However working through the >100k identified as Large is not really feasible, especially as our definition of what constitutes a a planning application related to a major development is quite hazy.

As you say in #5 I think the first step is to look at the lists provided by Joey - to identify those NOT classified as Large (false negatives) and then work out why. A second step I am working on is to develop some boundary based searches for applications within the vicinity of the known development sites in the lists - this will provide manageable lists which can be scanned to identify both false positives and false negatives.

Robinlovelace commented 3 years ago

OK thanks Andrew, good basis for discussion soon to tie down next steps.

mvl22 commented 3 years ago

A second step I am working on is to develop some boundary based searches for applications within the vicinity of the known development sites in the lists

This is the kind of thing that a Postgres database will make easy, as it has full OpenGIS support.

aspeakman commented 3 years ago

Indeed.

Although in defence of the existing API you can already get JSON data for applications enclosed within any polygon (using a MongoDB spatial search) - see the 'boundary' parameter.

Robinlovelace commented 3 years ago

Just to check @aspeakman is this something you're planning to work/any updates? Just trying to get back up to speed with this and discussing definitions with @joeytalbot. If you're happy with the definition you have already and don't plan to update it in the next week or so we can close this and focus on post-processing the data you've you've already provided in #5.

In other news, happy new year!

aspeakman commented 3 years ago

I am happy we have shown that the 'Large' definition is well controlled - in that the coverage data show most planning authorities supply the underlying fields and the classification can be made in most cases. I have also ensured that any changes to the definition could be implemented across the board relatively quickly if we decide what the new parameters are.

However I dont think the Large definition currently meets the needs of this project to consistently identify certain types of development. I will comment further in #5 on this

Robinlovelace commented 3 years ago

Sounds good @aspeakman. Trying to figure out if there is any ongoing action to be done in the context of this project and its relatively short timelines. I assume not at the moment, correct?

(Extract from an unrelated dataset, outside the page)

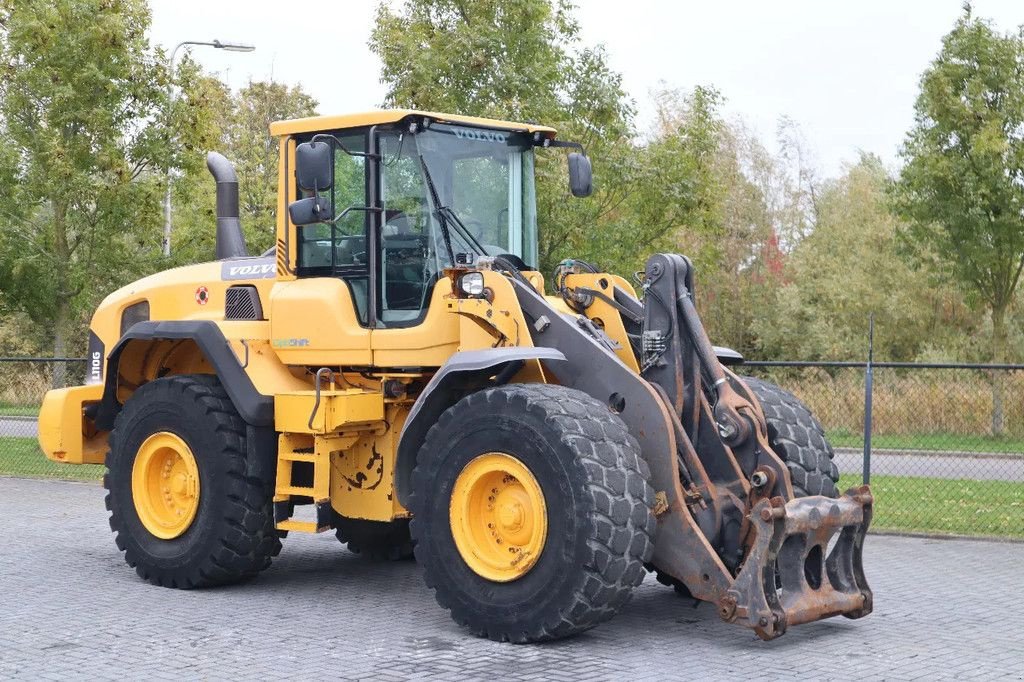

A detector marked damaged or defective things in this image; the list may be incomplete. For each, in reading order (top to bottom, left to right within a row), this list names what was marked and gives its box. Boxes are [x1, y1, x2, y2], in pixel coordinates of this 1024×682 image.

If not I suggest closing this issue for now and continuing documenting work done and discussion in #5 as you say.

mvl22 commented 3 years ago

I have also ensured that any changes to the definition could be implemented across the board relatively quickly if we decide what the new parameters are.

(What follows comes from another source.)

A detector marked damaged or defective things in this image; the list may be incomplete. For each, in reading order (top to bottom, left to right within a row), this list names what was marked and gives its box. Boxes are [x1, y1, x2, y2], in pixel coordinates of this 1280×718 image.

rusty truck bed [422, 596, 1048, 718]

I remain strongly of the view that a very high priority in this would be to ensure that public comments, which puff up the numbers, are excluded from counts.

Example, see this application local to me, which is very highly contentious, but is basically a small land area for some student flats, so is probably 'Medium'. It has some of objections shown in the document listing (and that excludes the 251(!) online comments): https://applications.greatercambridgeplanning.org/online-applications/applicationDetails.do?activeTab=documents&keyVal=QJBSP8DX0HK00

At least in the case of the IDOX implementation, these can easily be filtered out as they have the consistent "Third Party Comments" category.

Robinlovelace commented 3 years ago

Heads-up @aspeakman are you working on this? @mvl22's suggest sounds sensible to me:

ensure that public comments, which puff up the numbers, are excluded from counts.

We will all benefit from an updated list of large sites.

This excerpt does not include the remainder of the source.